Gates, a software mogul now in the vaccine business, frequently appears on televised news to offer policy prescriptions and journalists refrain from raising questions about his conflicts of interest. CFR speakers, while belatedly conceding that perhaps we shouldn’t have closed schools, are still advocating for masks and calling for more centralized government control of public health, including surveillance powers.
In 1961, President Dwight Eisenhower gave a farewell address that has come to be known as the Military-Industrial Complex Speech. In that speech, he asserted that although the U.S. will continue to face daunting challenges, we must resist the “recurring temptation to feel that some spectacular and costly action could become the miraculous solution to all current difficulties.” He famously went on to warn Americans of the growing power of the defense industry.
What is less known is that he also emphasized “the equal and opposite danger that public policy could itself become the captive of a scientific-technological elite.” This is what we are now facing.

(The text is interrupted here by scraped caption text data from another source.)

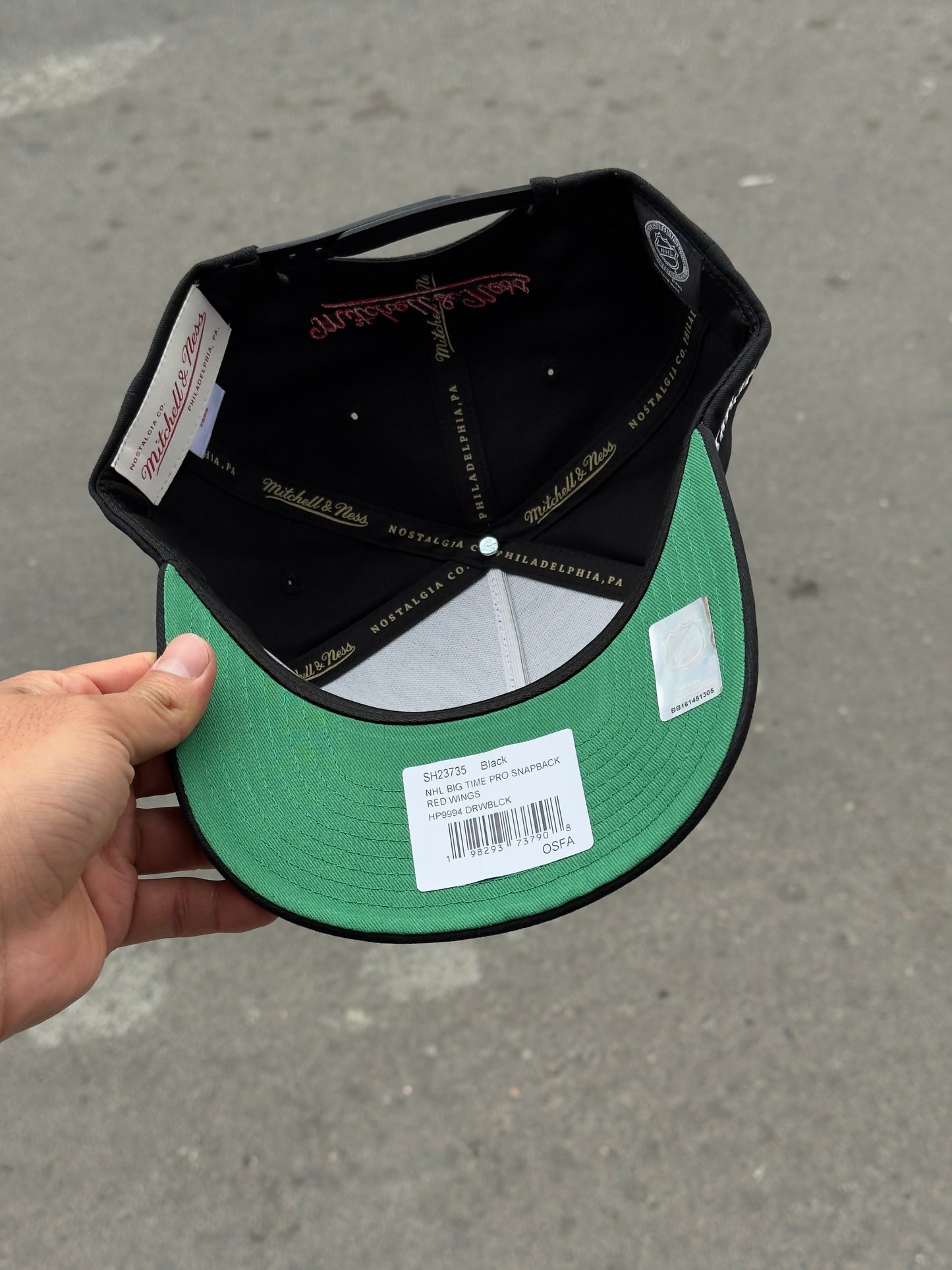 MITCHELL & NESS DETROIT RED WINGS BLACK PRO PINCH FIT SNAPBACK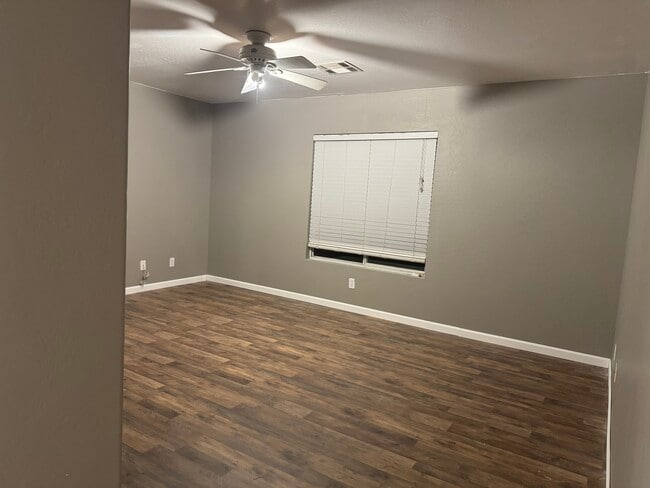 Building Photo - 3046 W Grenadine Rd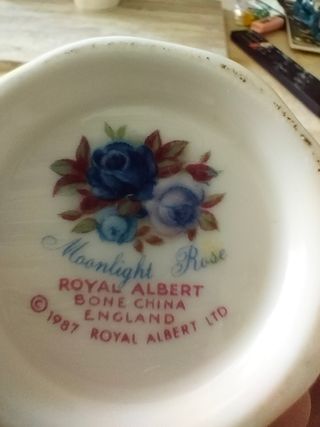 JARRON VIOLETERO ROYAL ALBERT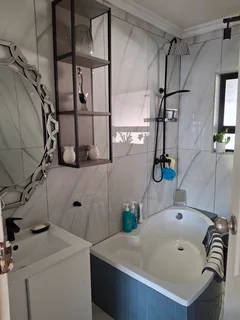 2 Rooms with Private Bathroom in House Share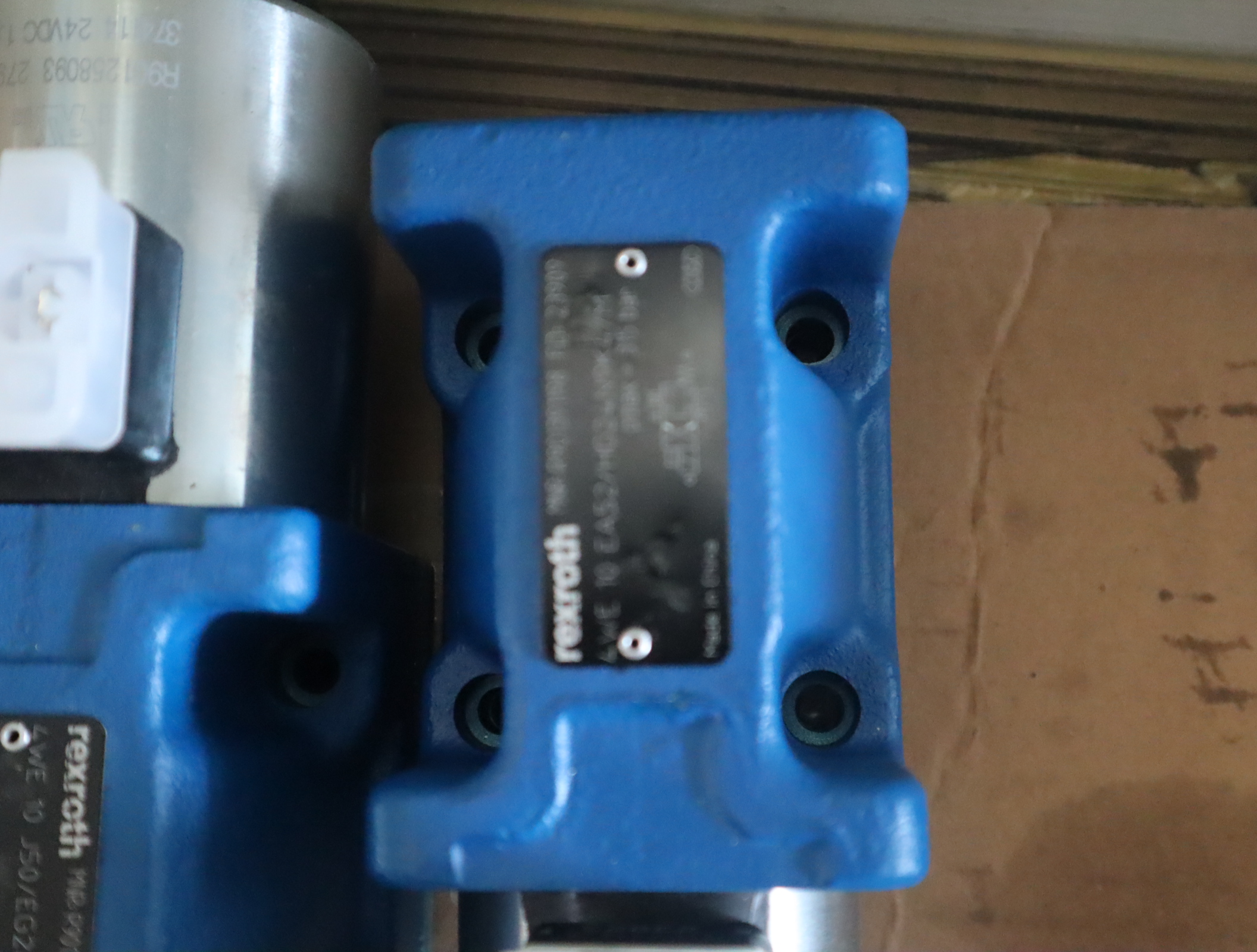 R901391198 4WE10EA50/HG24N9K4/M 德国力士乐REXROTH电磁阀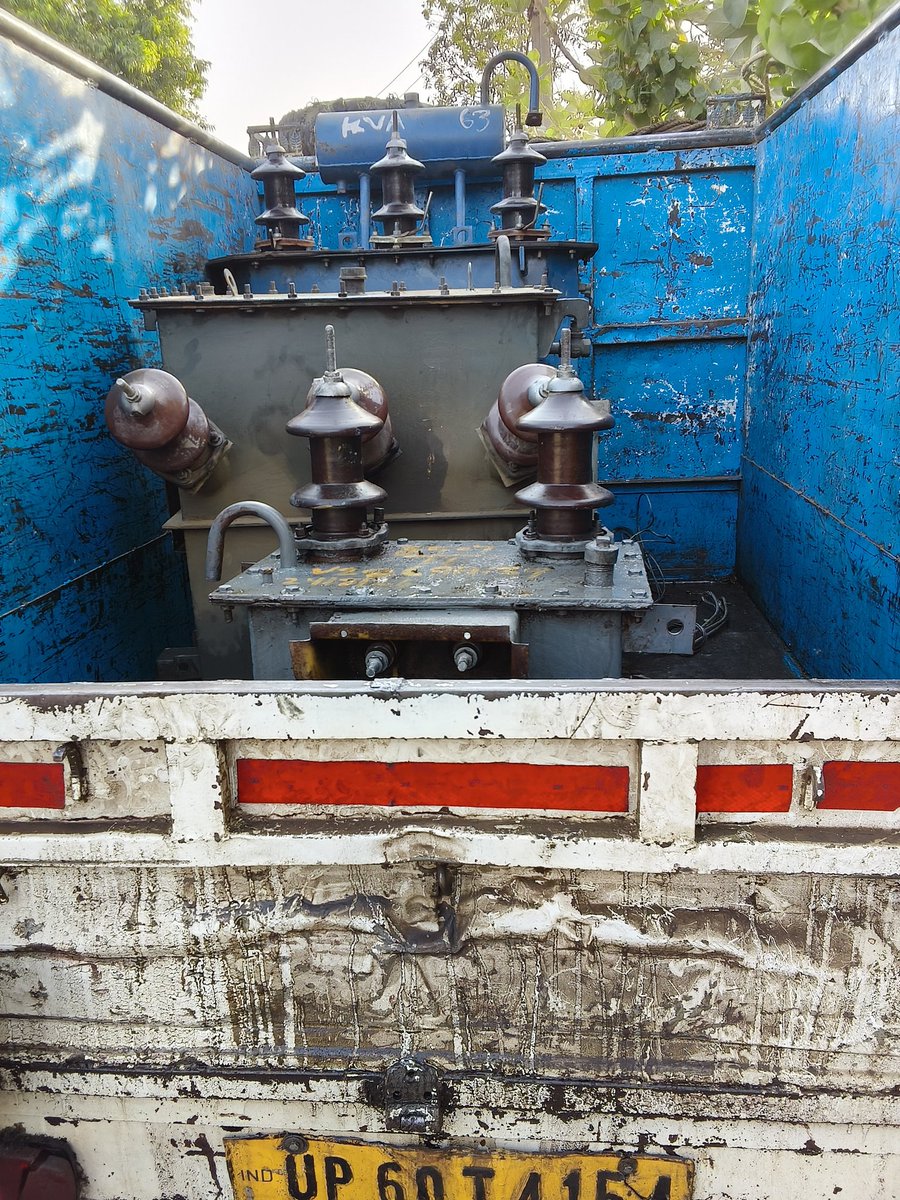 iamdpkdada's tweet photo. @PuVVNLHQ @UPPCLLKO @AKSharmaOffice @aksharmaBharat @puvvnlballia @MD_PuVVNL @EMofficeUP @myogiadityanath Thank you @puvvnlballia sir &amp; @PuVVNLHQ for giving us 10Kva transformer within 48 hrs we got it on 27/05/2026. Thanks and regards https://t.co/m6UqEyJklL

Champions of the ruling class are fond of dismissing their critics as conspiracy theorists and rubes. In his 2008 book Superclass, CFR member and Davos attendee David Rothkopf argues that while power is concentrated in the hands of a relatively small number of extraordinary, accomplished (i.e., deserving) individuals worldwide, they do not engage in conspiracies against the masses. Rothkopf claims this is because these individuals sometimes have competing interests and do not possess the wherewithal to cooperate long enough to launch a conspiracy—a term he fails to define.
This was perhaps a more persuasive line of reasoning at the end of the George W. Bush administration when politicians, journalists, and business leaders were actively disagreeing about the legitimacy of the Iraq War and liberal critics were turning towards globalism to save the day.
It is less convincing two years into a program of pandemic mitigation that turned Covid prevention into the new organizing principle for society—one that has closed public schools, destroyed small businesses, and enriched those associated with institutions like CFR—all ostensibly to arrest a virus that is most deadly to people approaching the end of their lives.
If conspiracy is too loaded a term, perhaps we are better off referring to the isolate-vaccinate paradigm as a strategy devised for elites by elites, enforced by their government collaborators—one that exhibits such gross carelessness with the lives of everyday people that, understandably, those harmed believe it to be a crime against them.